Comme pour donner plus de corps à ces mots, on entend dans le lointain la rumeur de la cour d’école où les parents sont venus amener leurs enfants, malgré l’horreur de la nuit. La cour surplombe le parking du petit supermarché où l’association Alehan a donné rendez-vous à la presse. Les journalistes sont là en nombre avec de rares représentants associatifs et quelques élus, les adjoints du Printemps marseillais Audrey Gatian, Hedi Ramdane et Ahmed Heddadi. Le député de la France insoumise, Sébastien Delogu est là aussi.

“Les morts, ça s’enterre décemment, ça ne se récupère pas”, maugrée Hanifa Taguelmint, militante LFI et habitante de ces quartiers, furieuse de voir les élus truster les caméras. Elle poursuit : “C’est normal que les gamins, entendent tirer, qu’on retrouve des balles dans des crèches ? Ici, il n’y a plus d’éducateurs, les centres sociaux ont des moyens de misère… Dans ces cités, il reste quoi ? L’école, et c’est tout. Même la Poste est partie.

Ce social qui fout le camp

Figure de la politique de la Ville, Véronique Marzo égrène les centres sociaux qui occupaient les pieds d’immeubles dans ces quartiers aujourd’hui gangrénés par le trafic de drogue. “Le Castellas, la Paternelle, les Micocouliers avaient tous leur centre social, constate-t-elle. Aujourd’hui il y a quoi ? Des millions pour assurer que les classes moyennes puissent se loger, au nom de la mixité sociale. Mais qu’est-ce qui reste pour les habitants ?

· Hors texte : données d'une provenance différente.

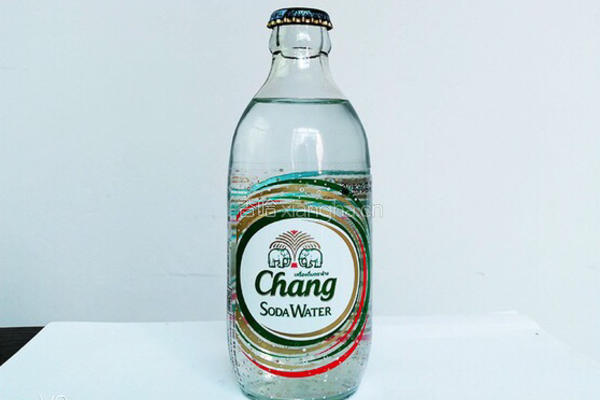 海盐青柠蜜桃水的做法图解4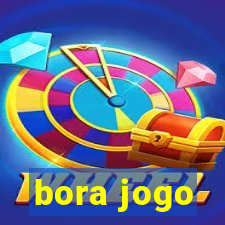 bora jogo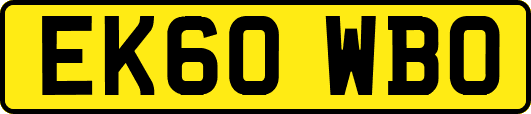 EK60WBO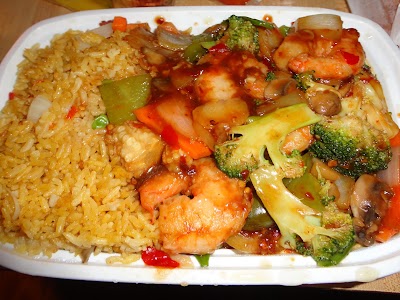 Photos of China House 88
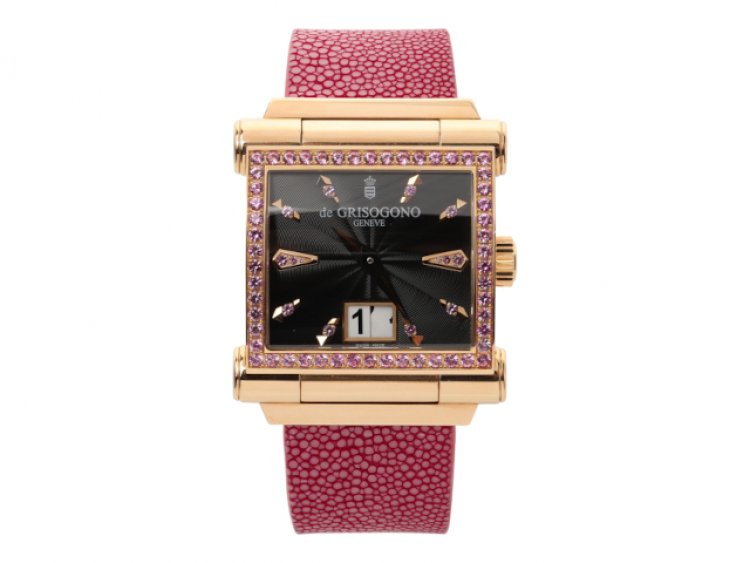Fine Watches by Famous Makers will be in Miller & Miller's Online Luxury Watches Auction November 19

Sur le parking du centre commercial, le cortège s’organise peu à peu. Les membres de l’association espèrent que la violence des actes posés entraîne un sursaut, du nord au sud de la ville. “Il y a une ligne entre quartiers Nord et Sud, analyse-t-elle. Le sud ne s’en préoccupe pas trop. C’est comme si ça ne les concernait pas. Mais j’ai peur que ça finisse par les toucher aussi parce que ça s’étend de plus en plus“, analyse Laetitia.

Autour de la place où la courte marche a fini sa course, les habitants du Castellas disent en peu de mots comment le quartier a glissé peu à peu. Dans le trafic bien sûr, avec un réseau qu’ils décrivent comme peu actif, mais dans la violence surtout avec des assassinats qui se multiplient.

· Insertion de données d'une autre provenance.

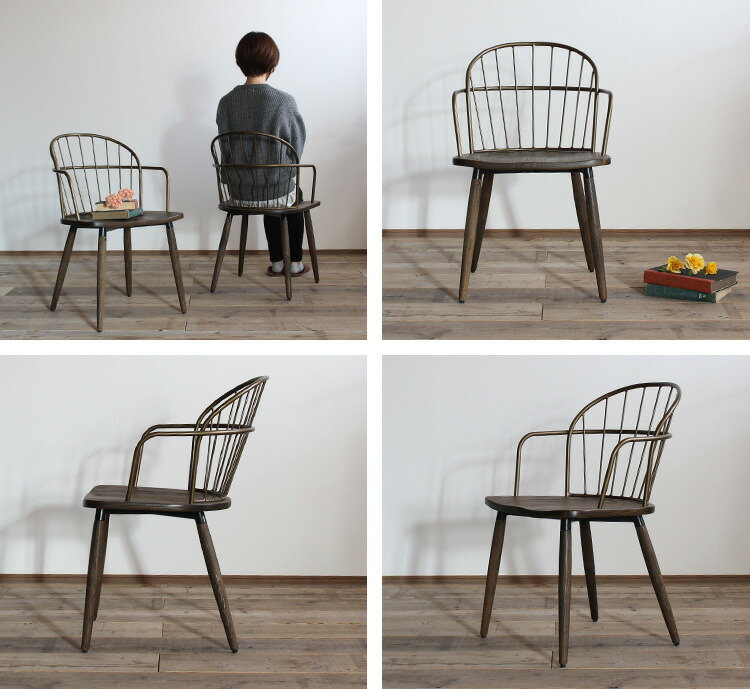 楽天市場】【20％OFF！スーパーセール限定】ダイニングチェア 木製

Mohamed et Mohamed n’en reviennent pas. Le premier rentre de son boulot à l’aéroport où on lui a demandé “comment [j’allais] avec l’air inquiet”. Il a découvert l’info “à la télé” tandis que son ami, chauffeur routier de 28 ans a tout entendu “depuis chez lui”. “Avant, ils visaient quelqu’un en particulier, estime ce dernier. Maintenant, ils tirent juste pour envoyer un message. Et le pire, c’est que j’ai peur que ça soit que le début“.

“Ils n’aiment pas faire des histoires”

Fatiha a tout vu depuis sa fenêtre et en a filmé une partie. Sur son téléphone, on voit le corps étendu, on entend les cris. Puis, de longues minutes plus tard, les gyrophares de la police et des pompiers. “Avant les choufs étaient en face de mon entrée, explique cette mère de deux ados de 12 et 14 ans. Mais on a réussi à les faire partir, parce qu’ils n’aiment pas faire des histoires. Ils sont remontés plus haut dans la cité“.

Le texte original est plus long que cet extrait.